Assigned task:
Copy every line from the records below that carries the word "Christian".

Available records:
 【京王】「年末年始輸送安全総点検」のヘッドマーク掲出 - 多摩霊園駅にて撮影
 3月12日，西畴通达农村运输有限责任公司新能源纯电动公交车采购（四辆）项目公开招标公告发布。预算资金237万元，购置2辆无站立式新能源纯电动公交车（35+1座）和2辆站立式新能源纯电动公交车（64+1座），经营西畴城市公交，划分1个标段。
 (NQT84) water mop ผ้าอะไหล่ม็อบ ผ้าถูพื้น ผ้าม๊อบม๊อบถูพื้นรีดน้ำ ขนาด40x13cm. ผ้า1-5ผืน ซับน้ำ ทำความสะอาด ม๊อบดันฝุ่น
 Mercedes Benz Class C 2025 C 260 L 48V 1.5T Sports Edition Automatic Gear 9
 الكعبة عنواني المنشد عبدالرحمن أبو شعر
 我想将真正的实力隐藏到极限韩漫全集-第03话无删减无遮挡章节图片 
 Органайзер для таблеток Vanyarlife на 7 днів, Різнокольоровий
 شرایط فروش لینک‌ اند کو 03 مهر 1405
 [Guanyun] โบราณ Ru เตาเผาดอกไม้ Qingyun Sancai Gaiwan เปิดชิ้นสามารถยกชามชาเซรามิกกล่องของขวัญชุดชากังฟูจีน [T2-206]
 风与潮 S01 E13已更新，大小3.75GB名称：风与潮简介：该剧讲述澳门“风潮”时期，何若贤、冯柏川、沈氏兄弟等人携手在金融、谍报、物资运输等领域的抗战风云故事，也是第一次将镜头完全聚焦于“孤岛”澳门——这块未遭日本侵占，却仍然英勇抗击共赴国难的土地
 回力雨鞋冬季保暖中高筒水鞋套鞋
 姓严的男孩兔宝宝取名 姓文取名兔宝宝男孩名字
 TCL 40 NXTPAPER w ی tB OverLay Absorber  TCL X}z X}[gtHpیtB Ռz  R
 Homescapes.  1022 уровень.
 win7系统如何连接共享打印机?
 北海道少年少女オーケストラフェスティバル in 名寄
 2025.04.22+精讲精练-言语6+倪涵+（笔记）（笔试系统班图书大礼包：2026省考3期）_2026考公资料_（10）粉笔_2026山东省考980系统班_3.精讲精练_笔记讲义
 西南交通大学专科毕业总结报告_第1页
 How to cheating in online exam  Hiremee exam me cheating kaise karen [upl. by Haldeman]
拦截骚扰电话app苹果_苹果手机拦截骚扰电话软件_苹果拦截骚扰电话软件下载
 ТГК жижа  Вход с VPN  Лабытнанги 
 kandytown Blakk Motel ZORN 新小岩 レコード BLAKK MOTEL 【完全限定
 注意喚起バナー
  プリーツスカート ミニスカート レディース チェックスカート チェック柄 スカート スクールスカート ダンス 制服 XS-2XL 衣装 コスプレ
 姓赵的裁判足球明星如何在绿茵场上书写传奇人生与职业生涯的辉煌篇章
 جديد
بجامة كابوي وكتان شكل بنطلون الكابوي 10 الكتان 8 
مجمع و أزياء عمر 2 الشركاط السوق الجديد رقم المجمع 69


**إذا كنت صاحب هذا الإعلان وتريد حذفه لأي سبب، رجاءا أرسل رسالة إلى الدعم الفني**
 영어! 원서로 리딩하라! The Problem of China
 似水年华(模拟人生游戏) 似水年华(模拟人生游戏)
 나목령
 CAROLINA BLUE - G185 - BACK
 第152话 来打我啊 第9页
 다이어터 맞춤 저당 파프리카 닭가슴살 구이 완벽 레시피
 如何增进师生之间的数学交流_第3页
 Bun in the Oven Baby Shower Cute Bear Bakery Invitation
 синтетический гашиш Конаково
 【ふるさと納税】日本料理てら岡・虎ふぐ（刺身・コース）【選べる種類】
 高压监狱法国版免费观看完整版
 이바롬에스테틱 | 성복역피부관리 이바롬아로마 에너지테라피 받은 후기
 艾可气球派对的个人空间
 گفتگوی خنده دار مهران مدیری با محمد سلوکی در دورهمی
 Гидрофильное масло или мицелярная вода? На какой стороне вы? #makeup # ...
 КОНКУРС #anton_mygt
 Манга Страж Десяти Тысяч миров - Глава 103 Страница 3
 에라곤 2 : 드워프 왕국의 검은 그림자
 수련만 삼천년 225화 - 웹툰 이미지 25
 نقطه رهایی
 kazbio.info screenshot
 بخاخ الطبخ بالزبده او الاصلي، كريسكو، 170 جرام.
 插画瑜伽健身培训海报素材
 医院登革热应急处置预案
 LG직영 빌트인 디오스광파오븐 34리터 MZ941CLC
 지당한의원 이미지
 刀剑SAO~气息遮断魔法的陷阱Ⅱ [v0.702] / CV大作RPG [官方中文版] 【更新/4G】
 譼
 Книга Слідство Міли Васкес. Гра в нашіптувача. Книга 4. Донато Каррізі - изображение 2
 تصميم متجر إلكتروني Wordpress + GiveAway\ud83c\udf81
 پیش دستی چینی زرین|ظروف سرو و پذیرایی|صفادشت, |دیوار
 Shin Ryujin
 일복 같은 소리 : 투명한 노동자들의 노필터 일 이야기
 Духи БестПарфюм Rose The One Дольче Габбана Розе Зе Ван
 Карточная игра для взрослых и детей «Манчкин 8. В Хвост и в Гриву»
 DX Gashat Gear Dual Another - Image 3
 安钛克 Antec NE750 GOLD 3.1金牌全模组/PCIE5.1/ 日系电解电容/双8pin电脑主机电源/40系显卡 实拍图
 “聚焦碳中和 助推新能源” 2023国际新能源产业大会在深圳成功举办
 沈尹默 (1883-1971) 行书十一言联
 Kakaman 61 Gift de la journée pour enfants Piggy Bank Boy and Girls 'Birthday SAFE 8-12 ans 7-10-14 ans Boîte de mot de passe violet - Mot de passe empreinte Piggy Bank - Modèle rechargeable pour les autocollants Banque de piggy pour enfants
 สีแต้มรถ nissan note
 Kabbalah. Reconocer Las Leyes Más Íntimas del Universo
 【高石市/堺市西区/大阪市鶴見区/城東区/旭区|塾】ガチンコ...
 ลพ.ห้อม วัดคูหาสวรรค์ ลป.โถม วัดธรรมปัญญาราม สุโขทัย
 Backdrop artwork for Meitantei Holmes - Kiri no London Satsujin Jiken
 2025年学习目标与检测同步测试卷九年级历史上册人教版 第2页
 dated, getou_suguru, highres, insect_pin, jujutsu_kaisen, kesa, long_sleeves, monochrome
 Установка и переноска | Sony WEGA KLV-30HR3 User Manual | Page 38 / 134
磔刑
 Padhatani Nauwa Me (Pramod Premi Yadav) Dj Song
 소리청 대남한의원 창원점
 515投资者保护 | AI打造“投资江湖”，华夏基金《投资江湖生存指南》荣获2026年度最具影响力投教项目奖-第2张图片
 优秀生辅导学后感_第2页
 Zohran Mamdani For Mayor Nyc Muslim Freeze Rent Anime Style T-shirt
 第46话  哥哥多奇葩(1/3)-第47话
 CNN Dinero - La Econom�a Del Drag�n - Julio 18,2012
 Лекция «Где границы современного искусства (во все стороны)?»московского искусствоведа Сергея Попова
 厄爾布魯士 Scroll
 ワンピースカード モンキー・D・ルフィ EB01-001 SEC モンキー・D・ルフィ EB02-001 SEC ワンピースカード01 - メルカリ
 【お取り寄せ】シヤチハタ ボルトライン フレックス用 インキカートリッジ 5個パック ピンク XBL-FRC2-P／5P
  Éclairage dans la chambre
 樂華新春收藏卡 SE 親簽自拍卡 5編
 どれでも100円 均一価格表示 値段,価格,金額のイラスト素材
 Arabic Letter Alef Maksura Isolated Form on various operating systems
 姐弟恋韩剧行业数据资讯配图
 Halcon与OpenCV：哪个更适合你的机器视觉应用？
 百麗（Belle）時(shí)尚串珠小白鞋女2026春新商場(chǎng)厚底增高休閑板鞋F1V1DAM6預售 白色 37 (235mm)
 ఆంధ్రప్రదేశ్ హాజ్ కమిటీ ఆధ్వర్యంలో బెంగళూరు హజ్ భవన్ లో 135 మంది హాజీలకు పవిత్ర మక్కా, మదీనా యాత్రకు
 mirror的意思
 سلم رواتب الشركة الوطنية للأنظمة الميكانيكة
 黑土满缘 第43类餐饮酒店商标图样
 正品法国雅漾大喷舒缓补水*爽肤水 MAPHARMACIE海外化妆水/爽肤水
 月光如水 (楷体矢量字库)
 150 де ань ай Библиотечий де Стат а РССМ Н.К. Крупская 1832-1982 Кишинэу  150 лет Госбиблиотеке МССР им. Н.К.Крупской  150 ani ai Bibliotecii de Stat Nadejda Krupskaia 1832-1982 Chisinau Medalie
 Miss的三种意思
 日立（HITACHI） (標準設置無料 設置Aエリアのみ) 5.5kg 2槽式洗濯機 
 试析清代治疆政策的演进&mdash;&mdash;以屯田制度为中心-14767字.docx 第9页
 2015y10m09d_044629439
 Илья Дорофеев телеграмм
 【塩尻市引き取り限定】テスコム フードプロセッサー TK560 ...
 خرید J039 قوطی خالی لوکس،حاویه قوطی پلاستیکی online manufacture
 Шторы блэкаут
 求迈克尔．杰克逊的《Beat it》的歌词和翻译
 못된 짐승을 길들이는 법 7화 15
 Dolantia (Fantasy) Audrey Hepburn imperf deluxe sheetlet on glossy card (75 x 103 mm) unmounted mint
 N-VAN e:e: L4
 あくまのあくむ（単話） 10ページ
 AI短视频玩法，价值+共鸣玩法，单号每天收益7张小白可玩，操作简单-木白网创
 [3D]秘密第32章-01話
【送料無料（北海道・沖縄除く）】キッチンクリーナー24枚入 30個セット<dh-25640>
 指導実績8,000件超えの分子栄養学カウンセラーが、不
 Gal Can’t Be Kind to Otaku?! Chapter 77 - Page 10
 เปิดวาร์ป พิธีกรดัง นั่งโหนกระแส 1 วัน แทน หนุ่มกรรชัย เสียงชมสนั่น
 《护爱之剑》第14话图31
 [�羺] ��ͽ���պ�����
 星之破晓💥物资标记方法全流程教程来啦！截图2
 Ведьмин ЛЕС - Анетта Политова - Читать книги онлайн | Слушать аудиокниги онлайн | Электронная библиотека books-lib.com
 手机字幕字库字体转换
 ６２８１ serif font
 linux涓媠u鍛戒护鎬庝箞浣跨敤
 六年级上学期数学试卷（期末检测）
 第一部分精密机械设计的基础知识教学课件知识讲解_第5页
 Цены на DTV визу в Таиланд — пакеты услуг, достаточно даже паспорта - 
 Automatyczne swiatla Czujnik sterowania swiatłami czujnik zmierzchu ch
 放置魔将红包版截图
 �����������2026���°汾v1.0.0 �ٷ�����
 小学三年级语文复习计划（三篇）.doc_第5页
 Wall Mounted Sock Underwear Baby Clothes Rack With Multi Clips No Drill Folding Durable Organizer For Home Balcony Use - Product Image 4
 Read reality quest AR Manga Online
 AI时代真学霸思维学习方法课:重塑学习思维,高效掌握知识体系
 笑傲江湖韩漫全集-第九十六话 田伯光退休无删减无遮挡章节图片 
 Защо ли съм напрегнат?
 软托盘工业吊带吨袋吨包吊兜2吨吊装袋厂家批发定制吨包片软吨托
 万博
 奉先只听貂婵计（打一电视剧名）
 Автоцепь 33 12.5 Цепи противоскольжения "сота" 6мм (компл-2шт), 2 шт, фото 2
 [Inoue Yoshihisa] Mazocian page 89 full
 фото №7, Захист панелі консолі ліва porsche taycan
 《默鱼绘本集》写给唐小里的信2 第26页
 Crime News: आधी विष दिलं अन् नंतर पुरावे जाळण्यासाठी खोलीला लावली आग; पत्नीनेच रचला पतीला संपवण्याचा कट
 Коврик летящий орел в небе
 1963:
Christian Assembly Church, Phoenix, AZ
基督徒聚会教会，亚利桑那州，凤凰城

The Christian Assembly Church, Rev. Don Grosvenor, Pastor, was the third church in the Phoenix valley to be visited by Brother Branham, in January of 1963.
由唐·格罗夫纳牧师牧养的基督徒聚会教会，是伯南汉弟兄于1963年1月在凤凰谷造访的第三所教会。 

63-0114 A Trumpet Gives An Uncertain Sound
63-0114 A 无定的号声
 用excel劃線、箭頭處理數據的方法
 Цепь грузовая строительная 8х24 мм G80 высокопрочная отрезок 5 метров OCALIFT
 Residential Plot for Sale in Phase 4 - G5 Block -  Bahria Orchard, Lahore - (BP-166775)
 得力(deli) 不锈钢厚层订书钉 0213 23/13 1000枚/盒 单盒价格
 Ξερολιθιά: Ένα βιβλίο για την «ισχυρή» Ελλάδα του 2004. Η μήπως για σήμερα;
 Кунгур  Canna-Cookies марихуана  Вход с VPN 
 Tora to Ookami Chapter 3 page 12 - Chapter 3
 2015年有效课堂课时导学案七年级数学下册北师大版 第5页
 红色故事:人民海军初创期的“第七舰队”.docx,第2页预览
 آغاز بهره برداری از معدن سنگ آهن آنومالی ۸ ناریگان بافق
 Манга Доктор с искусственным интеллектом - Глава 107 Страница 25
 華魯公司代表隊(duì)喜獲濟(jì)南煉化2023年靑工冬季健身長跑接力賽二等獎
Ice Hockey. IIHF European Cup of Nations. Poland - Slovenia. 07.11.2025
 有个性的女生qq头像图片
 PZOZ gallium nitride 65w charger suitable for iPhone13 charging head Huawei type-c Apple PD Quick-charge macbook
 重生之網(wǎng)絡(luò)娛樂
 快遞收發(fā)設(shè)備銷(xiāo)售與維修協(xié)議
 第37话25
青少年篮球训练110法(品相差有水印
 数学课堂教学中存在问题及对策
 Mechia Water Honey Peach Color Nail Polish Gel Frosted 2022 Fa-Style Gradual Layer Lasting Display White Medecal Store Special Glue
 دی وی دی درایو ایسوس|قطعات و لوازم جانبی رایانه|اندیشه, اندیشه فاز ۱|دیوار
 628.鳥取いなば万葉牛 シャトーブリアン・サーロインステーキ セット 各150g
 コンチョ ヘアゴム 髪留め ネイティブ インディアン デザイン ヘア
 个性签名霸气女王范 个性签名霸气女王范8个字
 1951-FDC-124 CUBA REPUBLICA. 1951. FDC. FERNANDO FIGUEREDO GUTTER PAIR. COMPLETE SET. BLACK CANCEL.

Worked solution:
Christian Assembly Church, Phoenix, AZ
The Christian Assembly Church, Rev. Don Grosvenor, Pastor, was the third church in the Phoenix valley to be visited by Brother Branham, in January of 1963.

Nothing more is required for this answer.